Business Standard Editorial Comment Mumbai
The Board of Control for Cricket in India (BCCI) deserves praise for introducing equal pay for men and women players who represent the country at international levels in all three formats of the game. In a country that consistently ranks low on the global gender gap index, this marks an enlightened step forward. Till now women cricketers in the highest annual-contract bracket earned about half what their male counterparts earned in the lowest bracket. The BCCI, in fact, joins New Zealand and Australia in introducing gender pay parity. But given that the BCCI is the world’s richest cricketing body, it could well become the trendsetter for other cricketing bodies.

Though undoubtedly progressive, this move must be viewed as only the first small step towards realistically equalising career earnings for men and women. This is essentially a function of two related developments. The first is how intensively the women’s game is promoted in terms of marketing campaigns and broadcasting time; both have expanded significantly over the past decade. The second is the trajectory towards the overwhelming popularity of the T20 format and the concomitant privatisation of the game via the popular franchise tournament, the Indian Premier League (IPL). The BCCI’s plans to introduce an IPL for women will fully test the concept of gender pay parity. That’s because in the larger world of the sports industry, which is driven by private money, the earnings disparity between men and women (with some honourable exceptions such as badminton) is still a bridge too far.
 
Tennis is a good example. Much is made of the fact that men and women get equal prize money at the four Grand Slam events, though women play three setters to men’s five setters and both men and women’s games get equal coverage. But one rung down, in the more frequent Association of Tennis Professionals (ATP, the men’s organisation) and the Women’s Tennis Association, where both men and women play three setters, the latter earn up to 75 per cent less. Yet these are the bread-and-butter tournaments that earn players their ranking points. No surprise, then, that Serena Williams retired with 23 Grand Slams but netted $450 million in career earnings to Roger Federer’s $1.1 billion and 20 Grand Slams. The same is true for women’s football. Although the women’s version of the sport is gaining traction with stadium and TV audiences, only a handful of national football federations pay men and women equally.

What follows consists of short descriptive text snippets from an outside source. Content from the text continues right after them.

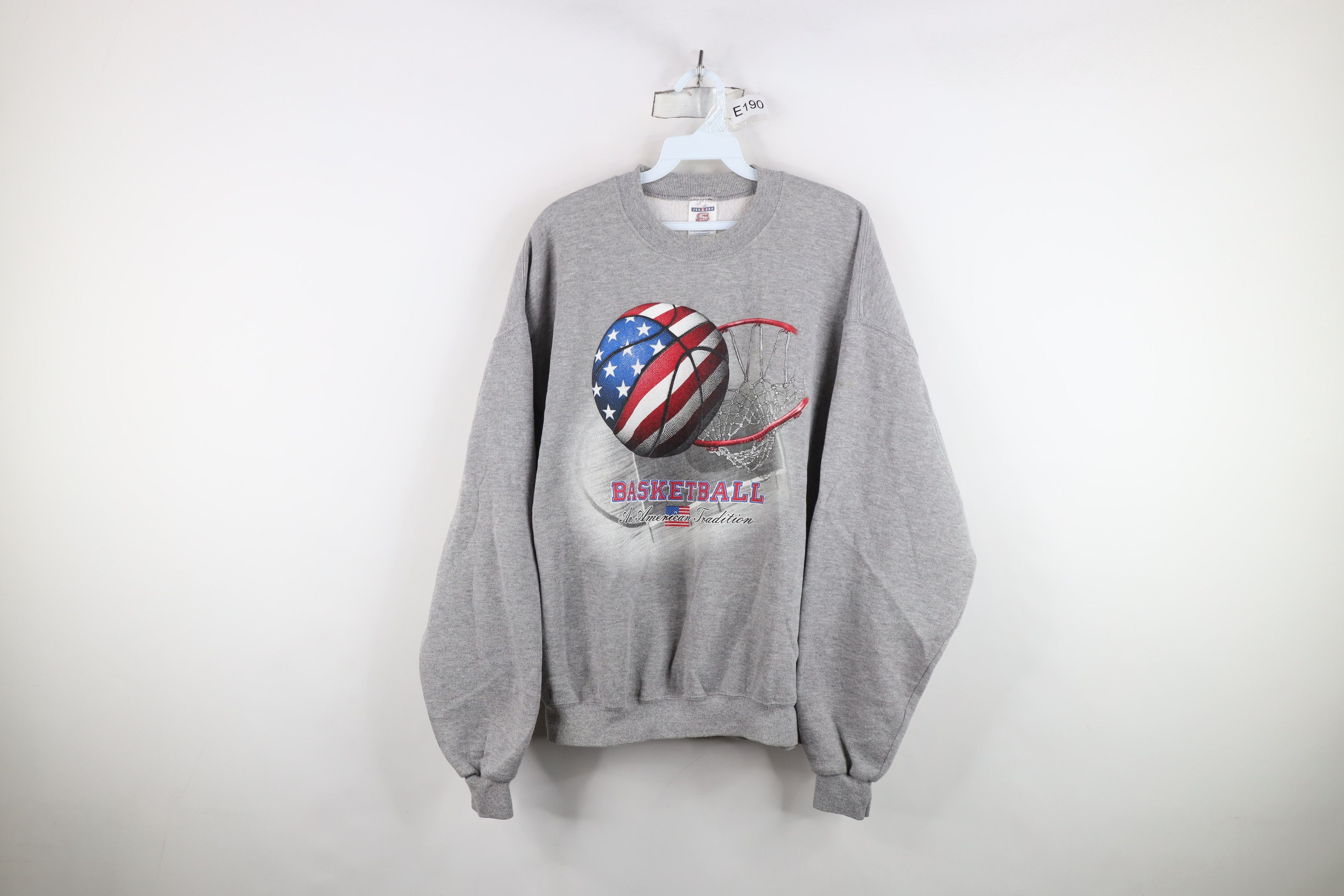 Vintage Vintage 90s Basketball An American Tradition Sweatshirt Gray Size US XL / EU 56 / 4 - 1 Thumbnail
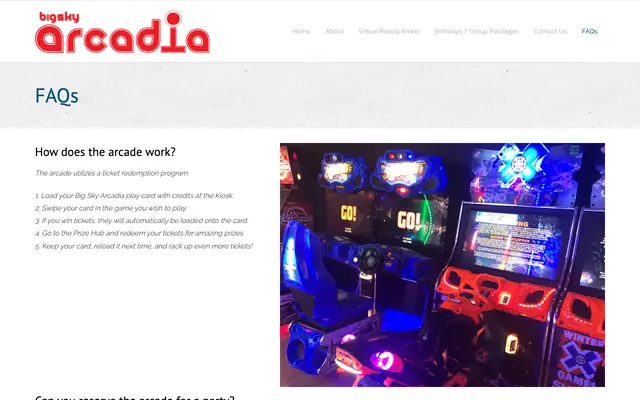 Screenshot of bigskyarcadia.com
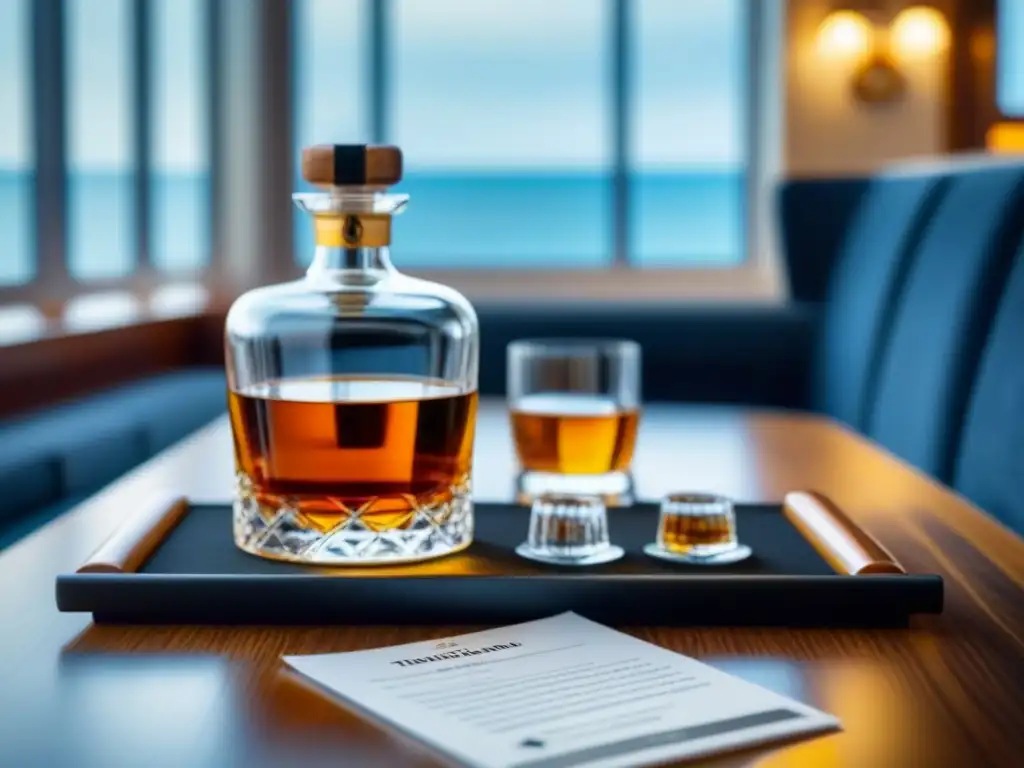 Catas de whisky en cruceros: experiencia elegante con whisky dorado en vaso de cristal y notas de cata en plato blanco sobre mesa de madera pulida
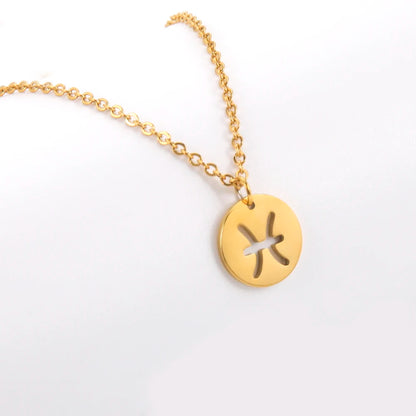 Aço inoxidável estrela signo do zodíaco colares 12 constelação gargantilha pingentes áries libra leo collier presente de aniversário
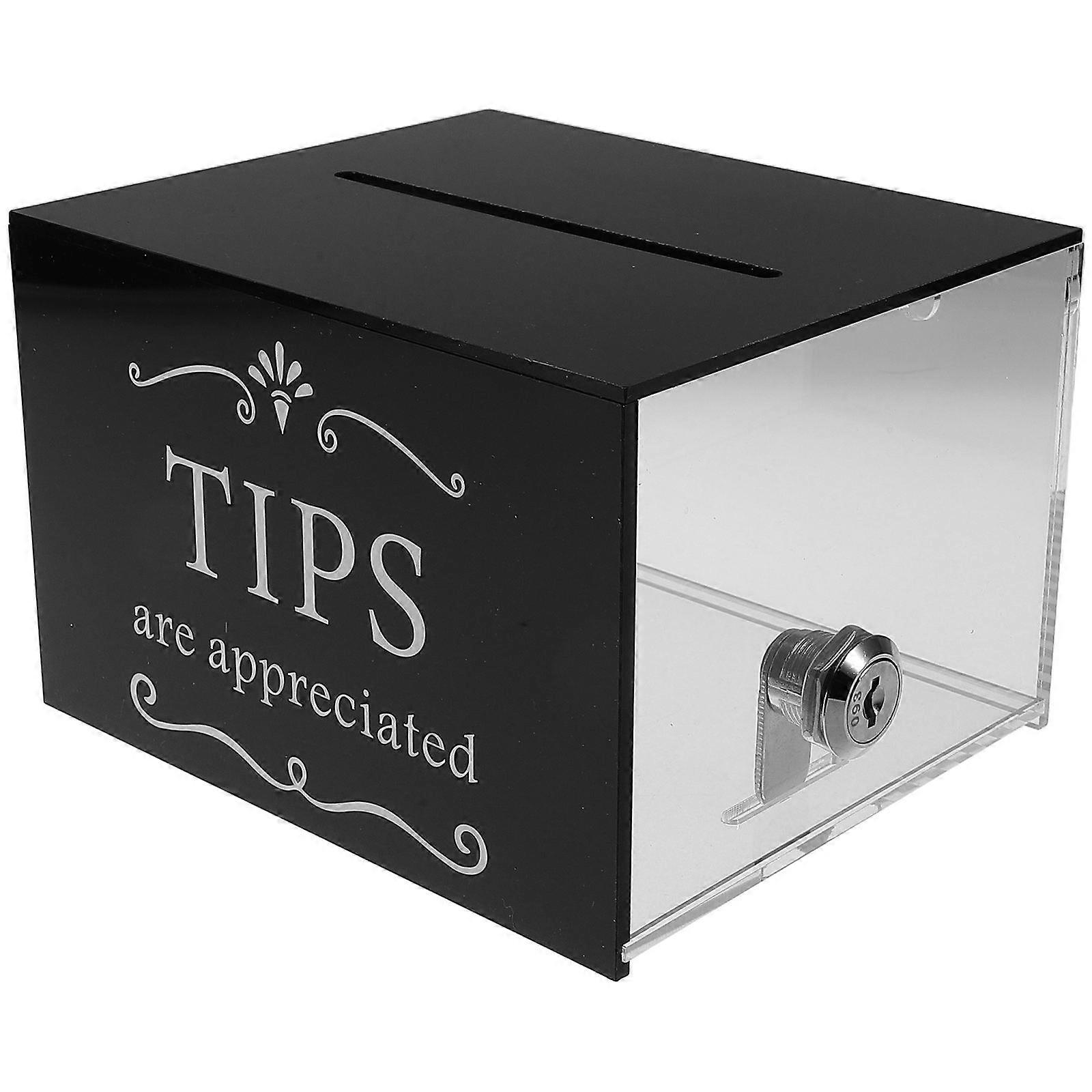 Transparent Acrylic Tip Collection Box with Lock for Bars Secure Money Storage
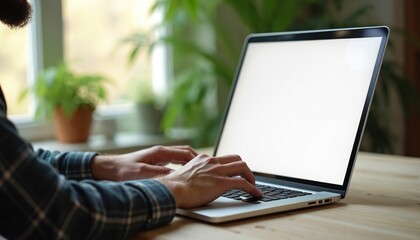 Young man typing on laptop computer keyboard in cozy home room. Person works on modern notebook with blank white screen at wooden table. Home office atmosphere with green plants.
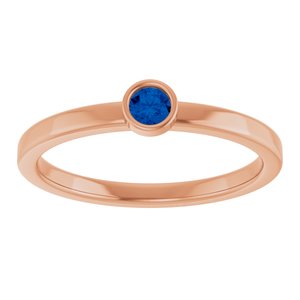 14K Rose Gold 3 mm Lab-Grown Blue Sapphire Ring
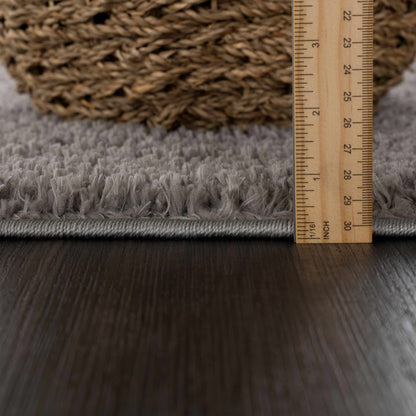 Judy Solid Dark Gray Washable Shag Rug - Clearance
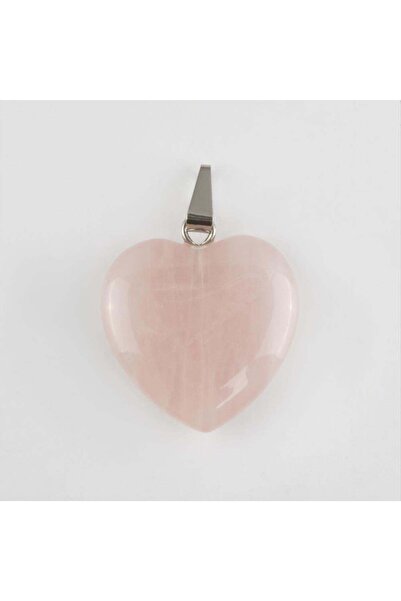 ZERO LAND Spt-Gld Pink Quartz Heart Natural Stone Pendant - (81142) Pink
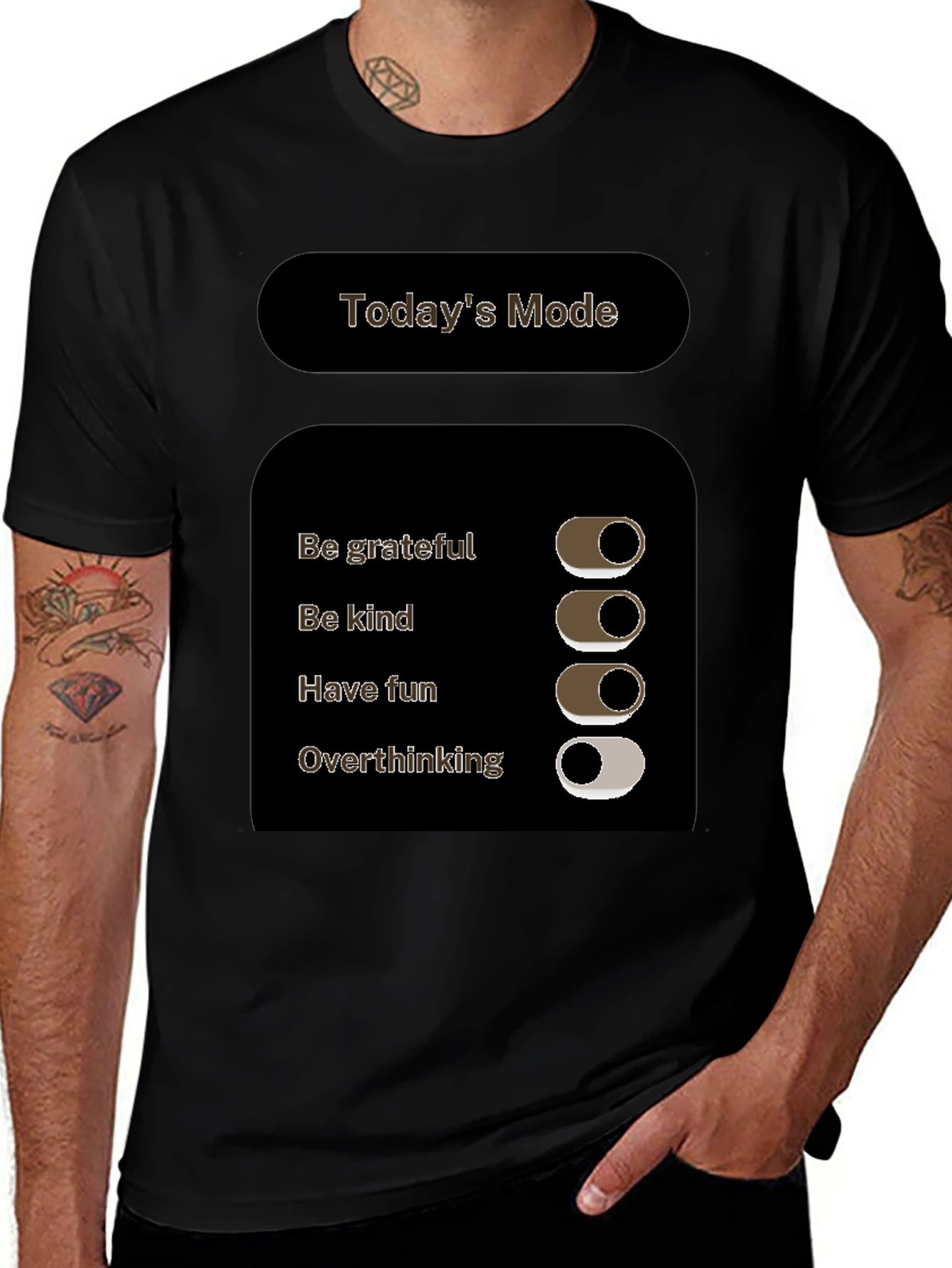 Variant 6 of Today's Mode Graphic T-Shirt - Grateful, Kind, Fun, Overthinking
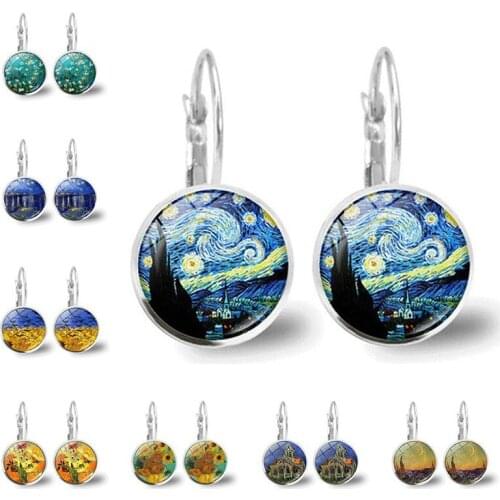 Art Earrings Van Gogh Starry Sky Sunflower Time Gemstone Popular Retro Jewelry New Product Creative Accessories New Arrivals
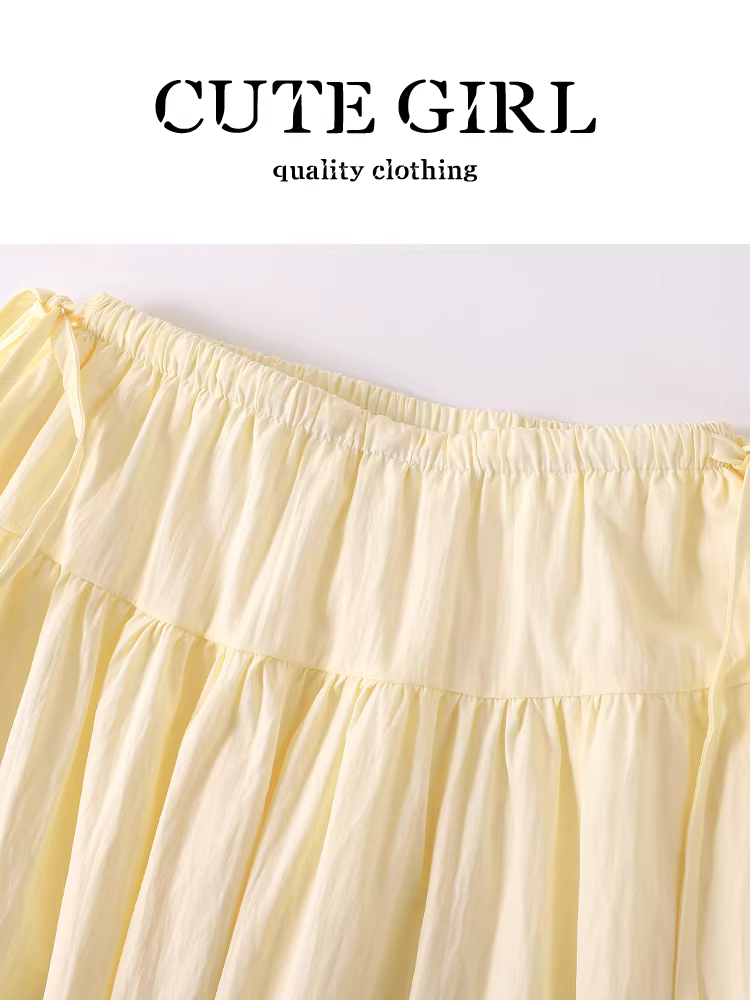 Váy dây rút màu vàng cao cấp phong cách Hàn Quốc dành cho nữ, váy chữ A dáng rộng lưng cao mùa hè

But within the privately-owned club system, which really drives football in Europe, the disparity is stark. In the Women’s Super League, the equivalent of the English Premier League, the average salary is £30,000, lower than the average salary of the lowest-ranked team in the men’s game. The highest earner in the women’s game, the USA’s Carli Lloyd, earns £400,000 a year, nowhere near Lionel Messi’s £62 million per year before endorsement deals. It is easy to predict that even if the women’s IPL gains in popularity, it will be many decades before a top female cricketer will be able to match Virat Kohli’s earnings of Rs 261.03 crore (including Rs 238.7 crore in endorsements) last year, a season in which he struggled for runs. Still, equal pay by the national federation may well set the ball rolling for women to get there.